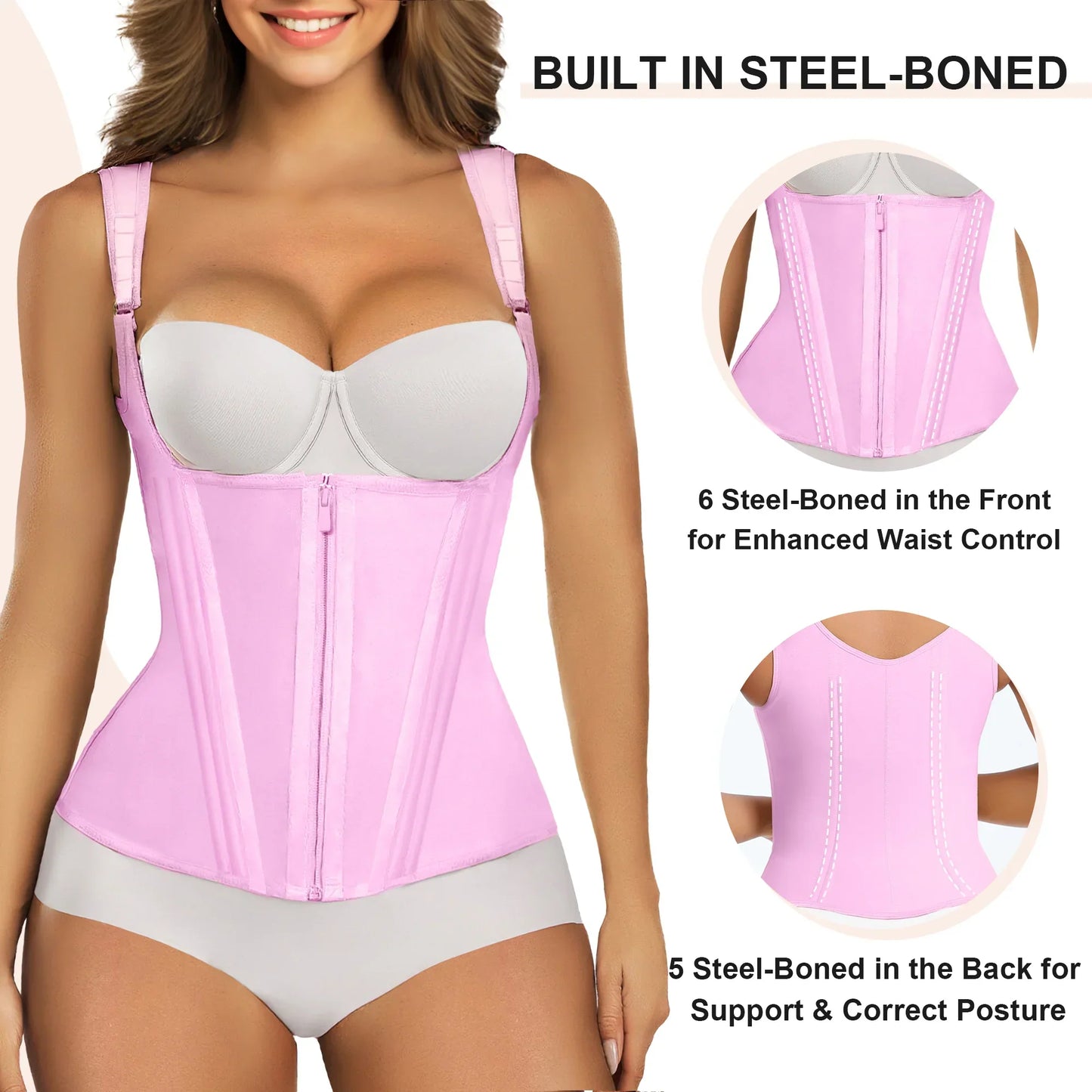 15 Flexible Steel Bones Sport Waist Trainer with Shoulder Straps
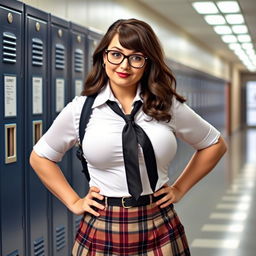 Audrey is depicted as an ironic, curvy school girl in uniform with busty curves trying to pop out of her shirt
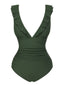 Maillot de bain vert armée des années 1950 à volants unis et col en V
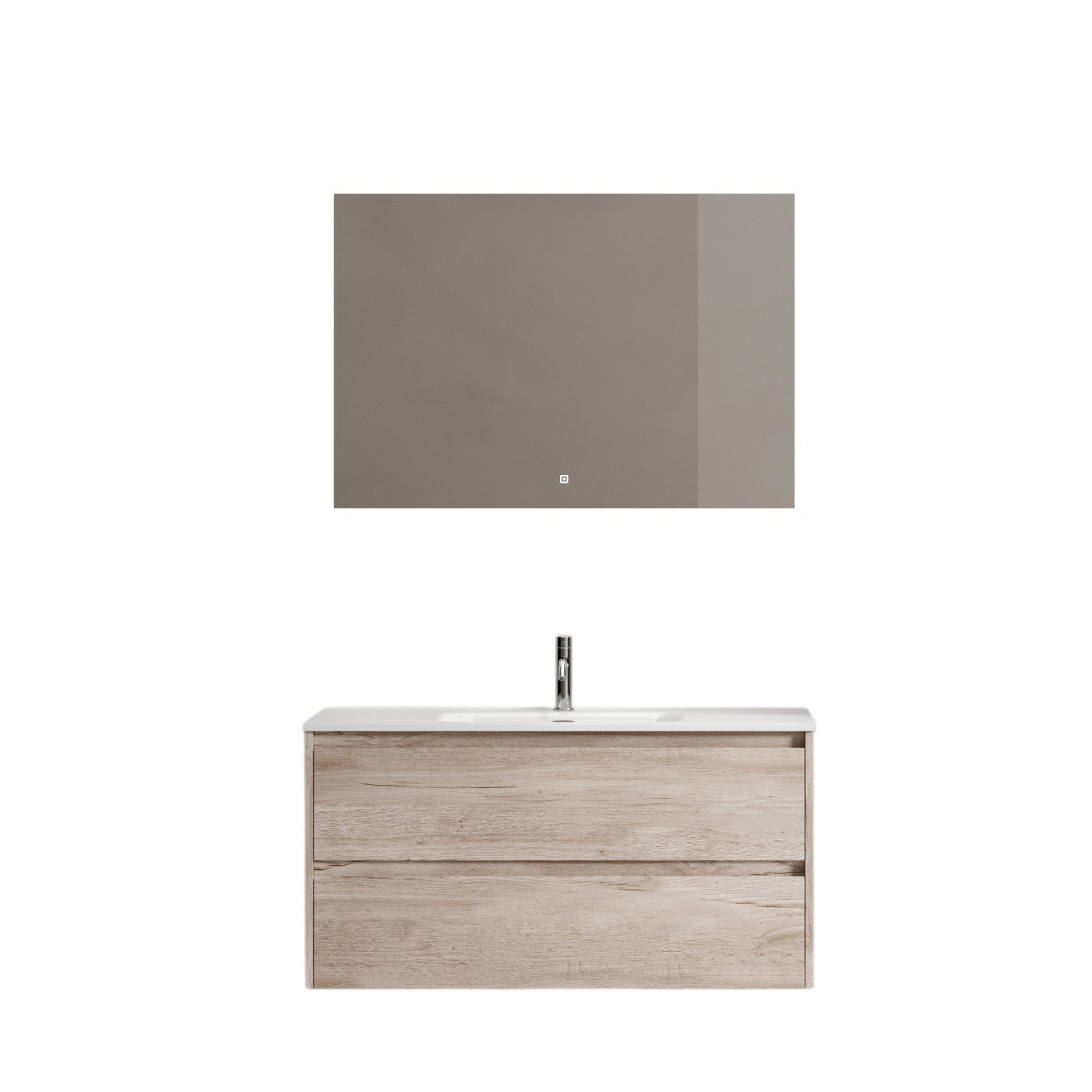 Мебель для ванной комнаты Sancos Libra 100 дуб галифакс натуральный, белая раковина CN7003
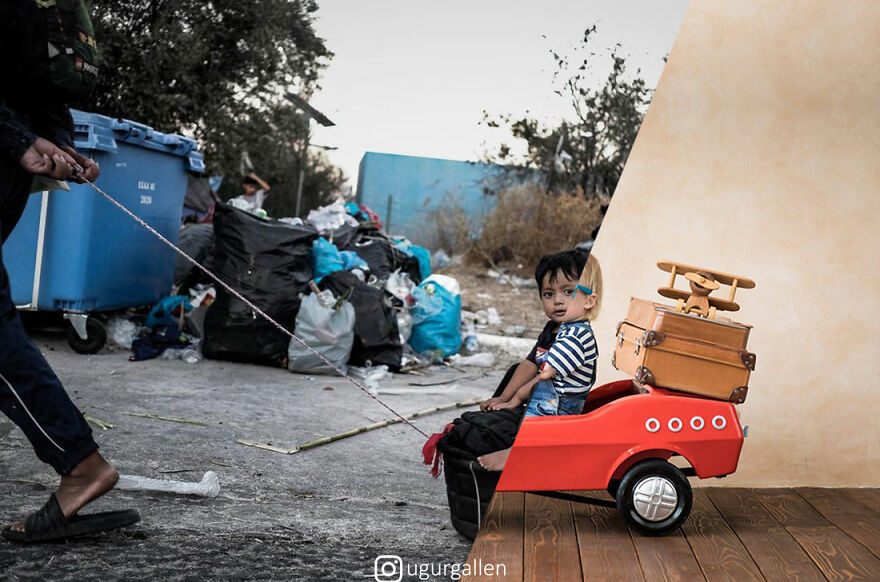 I Show The Contrast Between The Two Worlds That We Currently Live In By Combining Photos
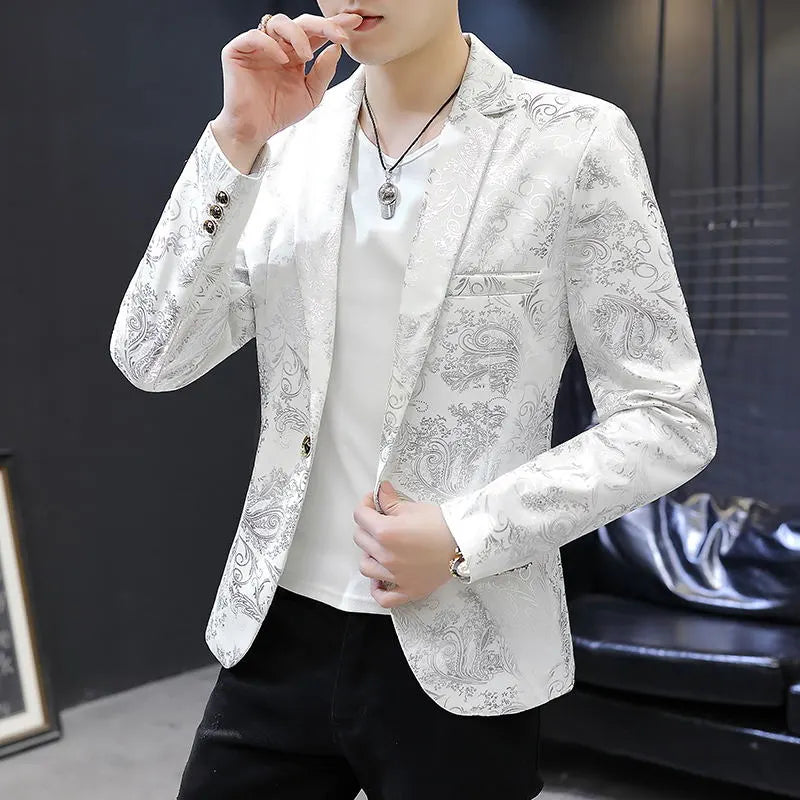 2022 Boutique Men's Fashion Blazer Business Gentleman Elegant and Comfortable Print Casual Dress Trend Korean Dress Slim Coat Vedee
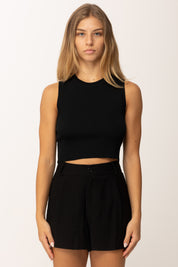 Khloefemme Top crop Girocollo a costine ZS58521 NERO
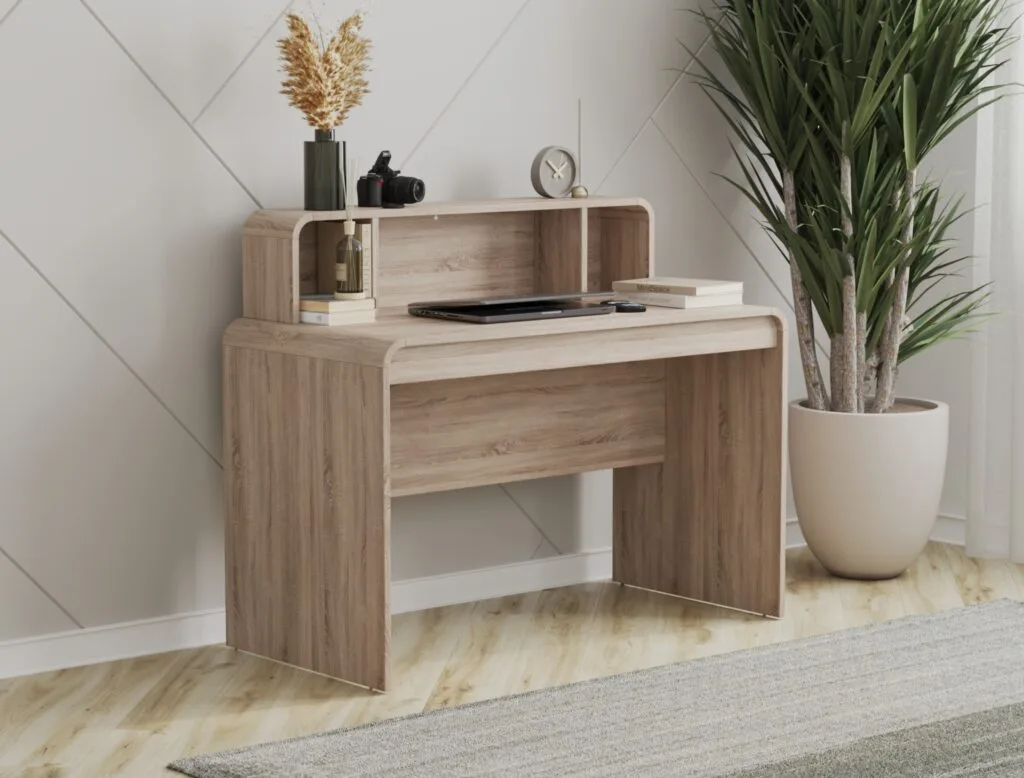 Wooden desk with upper shelf in natural oak finish.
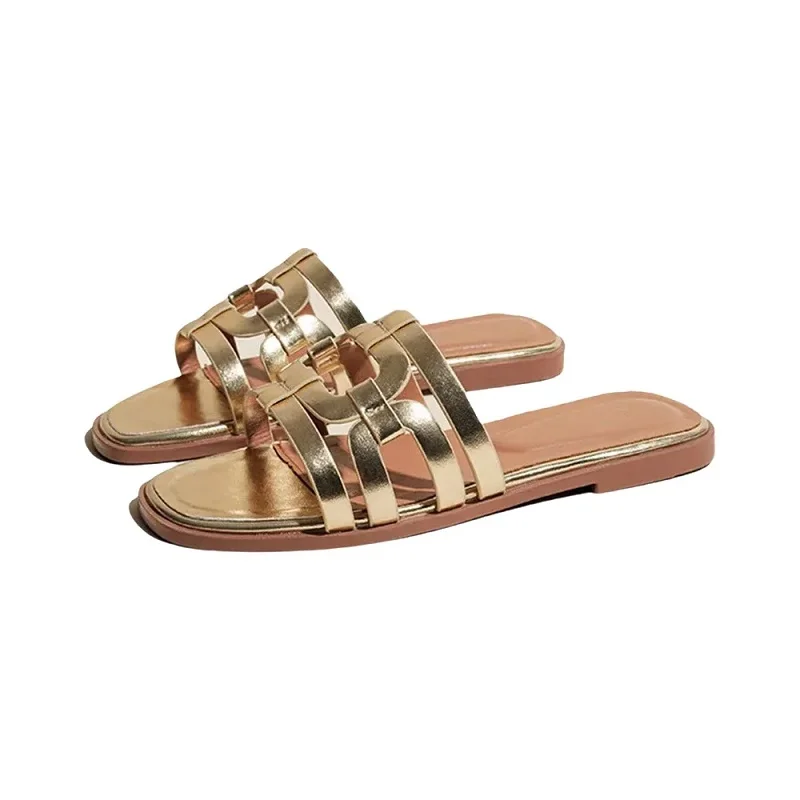 

Women Summer Shoes Trendy Slippers Genuine Leather Narrow Band Classic Style Trendy Sandals Sheepskin Gold Beige Brown Sandals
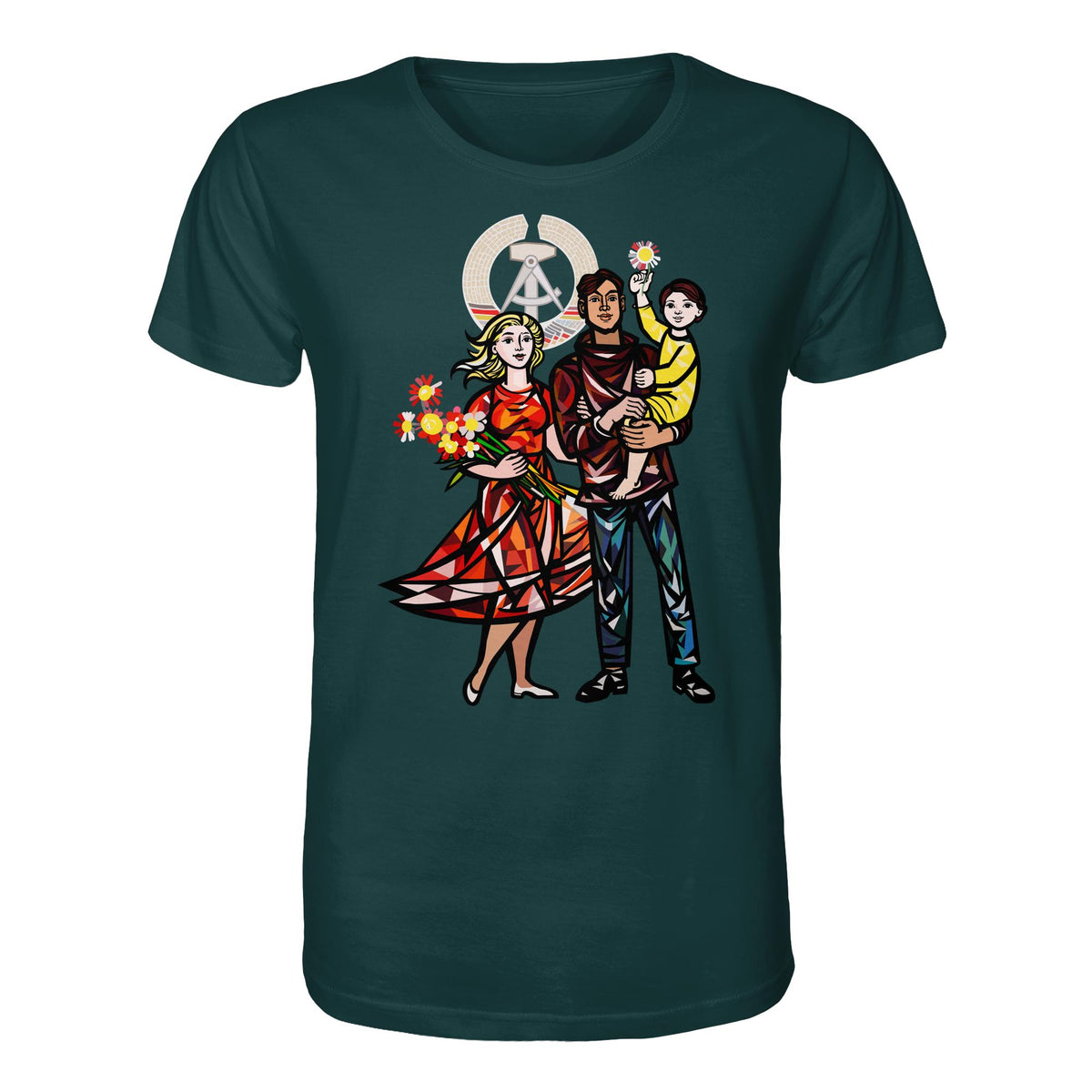 DDR Ostalgie Bio-Shirt Unisex • WALTER WOMACKA - UNSERE FAMILIE (STAATSRATSGEBÄUDE, Aus der Geschichte der Deutschen Arbeiterbewegung, 1964)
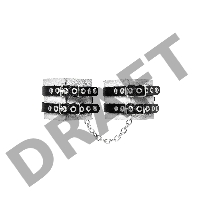 Оковы Pecado BDSM, мягкие, с двумя ремешками, с люверсами, натуральная кожа, бело-чёрные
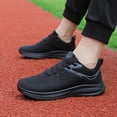 thumbnail image 3 of Men'S Low-Top Breathable Mesh Sneakers - Lightweight, Non-Slip, Durable Running Shoes with Cushioned MD Sole for All-Season Casual & Sporty Wear, Black, Sneakers, Allseason Footwear, Modern Sneakers, 3 of 9
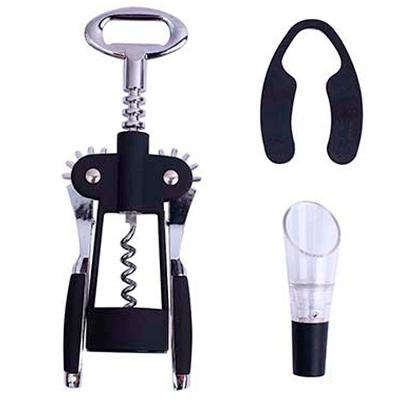 Conjunto 3 Peças para Vinho Dynasty com Saca Rolha, Corta Lacre e Aerador - Preto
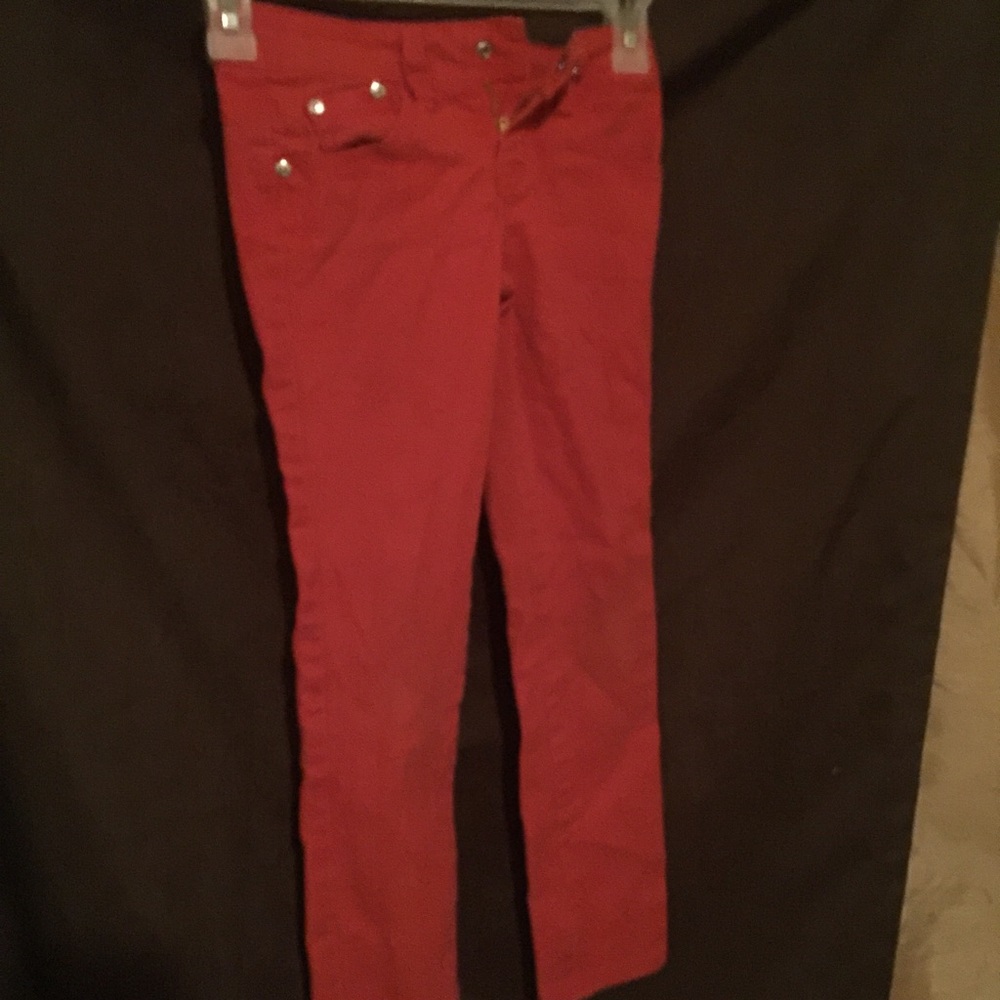 Girls red skinny jeans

----

Set all of the records down once more, letter for letter, with the images removed.

→ **Output for this task**:
 15 Flexible Steel Bones Sport Waist Trainer with Shoulder Straps
 Audrey is depicted as an ironic, curvy school girl in uniform with busty curves trying to pop out of her shirt
 Maillot de bain vert armée des années 1950 à volants unis et col en V
 Мебель для ванной комнаты Sancos Libra 100 дуб галифакс натуральный, белая раковина CN7003
 I Show The Contrast Between The Two Worlds That We Currently Live In By Combining Photos
 2022 Boutique Men's Fashion Blazer Business Gentleman Elegant and Comfortable Print Casual Dress Trend Korean Dress Slim Coat Vedee
 Khloefemme Top crop Girocollo a costine ZS58521 NERO
 Wooden desk with upper shelf in natural oak finish.

Women Summer Shoes Trendy Slippers Genuine Leather Narrow Band Classic Style Trendy Sandals Sheepskin Gold Beige Brown Sandals
 DDR Ostalgie Bio-Shirt Unisex • WALTER WOMACKA - UNSERE FAMILIE (STAATSRATSGEBÄUDE, Aus der Geschichte der Deutschen Arbeiterbewegung, 1964)
 Оковы Pecado BDSM, мягкие, с двумя ремешками, с люверсами, натуральная кожа, бело-чёрные
 thumbnail image 3 of Men'S Low-Top Breathable Mesh Sneakers - Lightweight, Non-Slip, Durable Running Shoes with Cushioned MD Sole for All-Season Casual & Sporty Wear, Black, Sneakers, Allseason Footwear, Modern Sneakers, 3 of 9
 Conjunto 3 Peças para Vinho Dynasty com Saca Rolha, Corta Lacre e Aerador - Preto
 Girls red skinny jeans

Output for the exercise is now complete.